Modern Warfare 2 doesn’t seem too concerned with balance. At time of writing I haven’t gotten very far in multiplayer but so far I’ve been plagued by double shotgunning dog fuckers, knife wielding, teleporting psychopaths and seemingly prescient experienced players with weapons thoroughly stacked with various high level “goodies” that assist them in shooting through walls and generally making my life miserable. What’s more, many of the guns available early in the game don’t seem to have any purpose aside from being “new weapons.” Why would anyone use an MP-5 over a Vector? Or an AT-4 over a Stinger or a Javelin? I understand wanting to give players a sense of progression across various types of play but progression without depth is a poor substitute for game design and it feels like exactly what Modern Warfare 2 has done by flooding the game with gear and upgrades that they could never possibly have balanced for.

5 – Pace Their Experience, Period

This is sort of an amalgam of all the previous points. Modern Warfare was exceptionally well paced in every respect. You’d earn new gear and new challenges with satisfying frequency in multiplayer which never felt too quick or too slow. It was encouraging and managed a delicate balance between challenge and reward that few experiences can attain. The single player experience had the same claim – each level dovetailed into the previous one until you reached a satisfying conclusion which fit the rest of the experience. In the end you were left with a nice, even game with a lot of diverse levels and experiences which held together nicely when taken a whole.

Modern Warfare 2 has none of that. The developers themselves admit that one of the levels they left in could’ve been completely excised without harming the experience and they flit between gravitas and action movie bravado without warning. You go from being shot in the chest to defending the top of a TGI Friday’s in seconds. The experience isn’t that of a rich tapestry coming together, it’s the jarring feel of stop and go traffic with someone who doesn’t know how to drive a manual transmission. You feel a little sick and irritated, and you think the person behind the wheel probably shouldn’t be there.
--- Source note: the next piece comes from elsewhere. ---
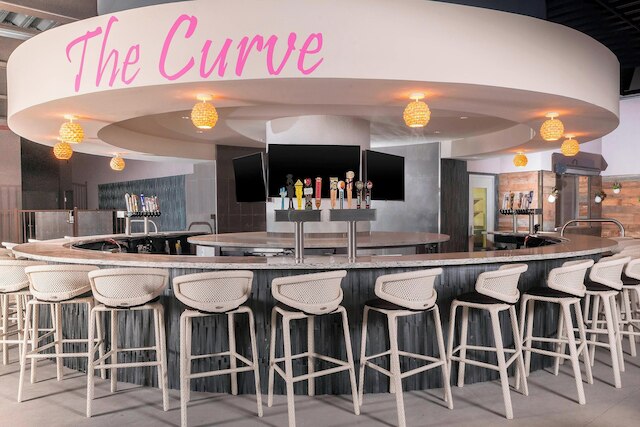 シェラトン メサ ホテル アット リングルレイビル ウェスト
The fact that this pacing problem carries over to the multiplayer of Modern Warfare 2, the ostensible selling point of the game, should be frightfully embarrassing to Infinity Ward, but I have a feeling they don’t care. They made an “alright” came and it sold absurdly well. Even though it’s riddled with bugs and, at best, poorly balanced, people will still buy and praise it all for the sake of letting the emperor know about the fine nature of his new duds. And it’s a crying shame, because Infinity Ward has proven themselves to be immensely talented when they challenge themselves and take risks.
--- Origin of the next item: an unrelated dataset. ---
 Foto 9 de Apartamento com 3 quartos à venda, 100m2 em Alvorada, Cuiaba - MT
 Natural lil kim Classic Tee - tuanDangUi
But if this is how they’re developing games from here on out I probably won’t end up buying Modern Warfare 3 when it drops. I’m sure it’ll be decent, sure, but the experience will seem cheap compared to its predecessors and the hype that it enjoys will cloud the judgment of all around it. If the pace keeps up I’d imagine Modern Warfare 3 will be an updated version of Battlefield 2 with an expanded class system and a story about a shooting at a local community pool. It would fit the direction Infinity Ward seems to want to take their games in nowadays.